Inacceptable dit le juge : une telle perte d’un tel droit s’opérerait «en méconnaissance des principes fondamentaux régissant le système commun de la TVA». Le délai visé à l’article 20 § 2 de la Directive 2008/9 n’est pas un délai de forclusion ; cela peut encore être déduit d’une lecture -comparatiste- des articles 21 et 26 de la Directive 2008/9. A lire l’article 21, il n’est pas exclu qu’une demande de remboursement puisse être acceptée en l’absence de communication des informations complémentaires requises. S’agissant de l’article 26, il tend à «affermir la position de l’assujetti» via l’octroi d’intérêts de retard quand un remboursement survient avec retard. Si le délai d’un mois mentionné à l’article 20 § 2 était un délai de forclusion, une réponse tardive à une demande d’informations complémentaires aboutirait au résultat suivant : un rejet automatique de la demande de remboursement et non pas à un remboursement effectué avec retard, sans le bénéfice d’intérêts de retard. L’article 26 s’en trouverait vidé de sa substance si le délai de l’article 20 §2 présentait une nature de forclusion. Il restait un ultime point sur lequel s’appesantir, à savoir la politique jurisprudentielle posée par le juge de l’UE. Après avoir rappelé que sa jurisprudence relative aux délais de forclusion en matière de TVA est naturellement compatible -sous réserve du respect des principes d’équivalence et d’effectivité- avec la Directive TVA, la CJUE souligne l’une des caractéristiques de l’article 20 § 2 en son applicabilité : celui-ci est applicable «lorsqu’une demande de remboursement a déjà été introduite dans le délai prescrit à l’article 15» (de la Directive 2008/9).

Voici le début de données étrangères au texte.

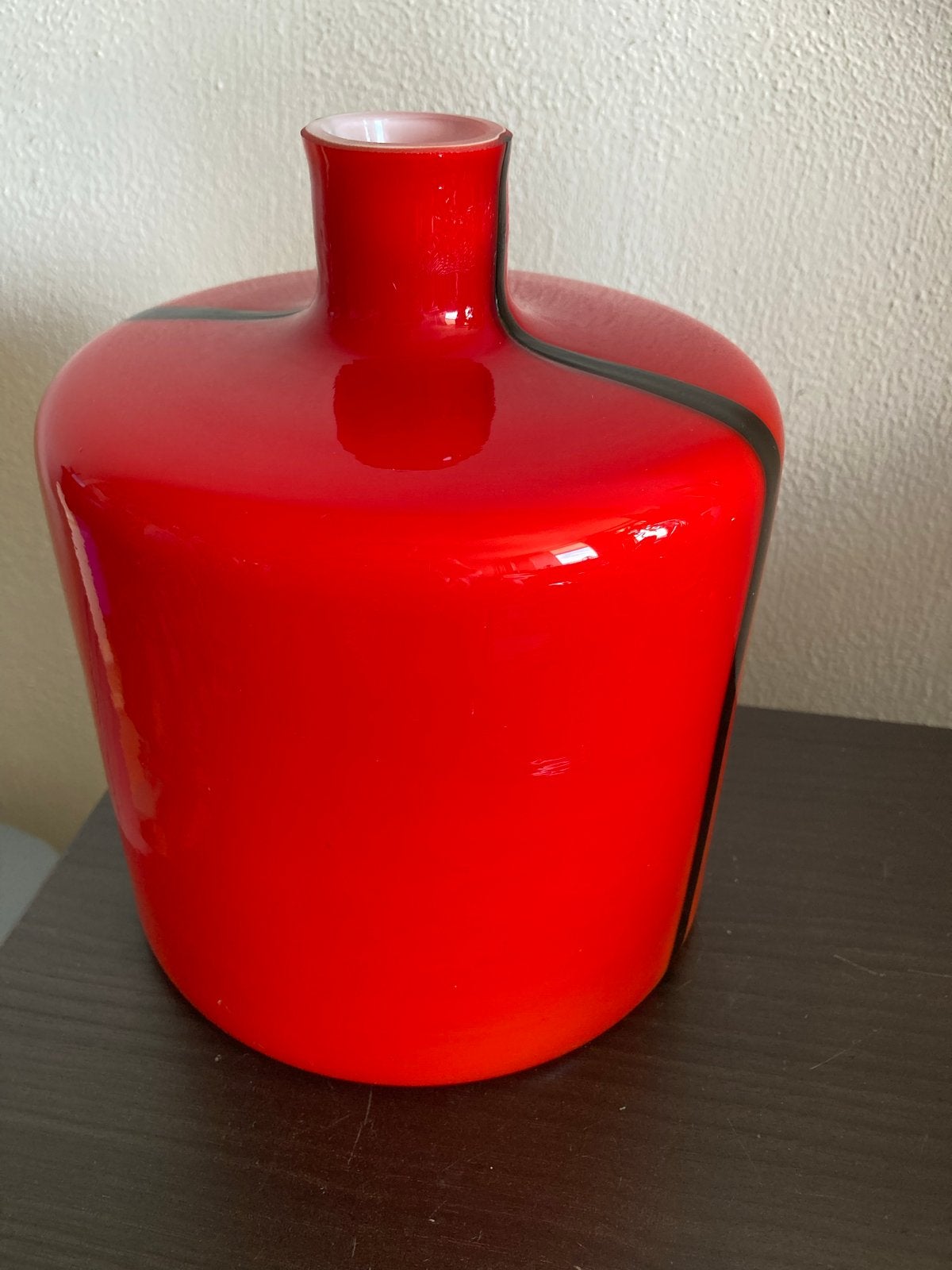 Moderne opaline vaas Rood naar oranje met zwarte bies, Antiek en Kunst, Antiek | Vazen, Ophalen of Verzenden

Dans le cadre de la pesée des intérêts en présence qu’il lui revient de réaliser, la CJUE fait notablement pencher le plateau de justice en défaveur de l’administration fiscale nationale. Le délai d’un mois prévu à l’article 20 § 2 n’est pas un délai de forclusion. Dans l’hypothèse où une demande de remboursement est rejetée (partiellement ou totalement), des recours peuvent être introduits par l’assujetti auprès des autorités compétentes de l’Etat membre du remboursement. Et cela vaut y compris en l’absence de communication des informations complémentaires réclamées. L’assujetti ne perd pas la possibilité de régulariser sa demande de remboursement en produisant, devant le juge national, les informations complémentaires à mêmes d’établir l’existence de son droit au remboursement de la TVA.
Salutaire saisine du tribunal administratif de Montreuil sur le fondement de l’article 267 TFUE (N° Lexbase : L2581IPB) ; salutaire réponse de la CJUE.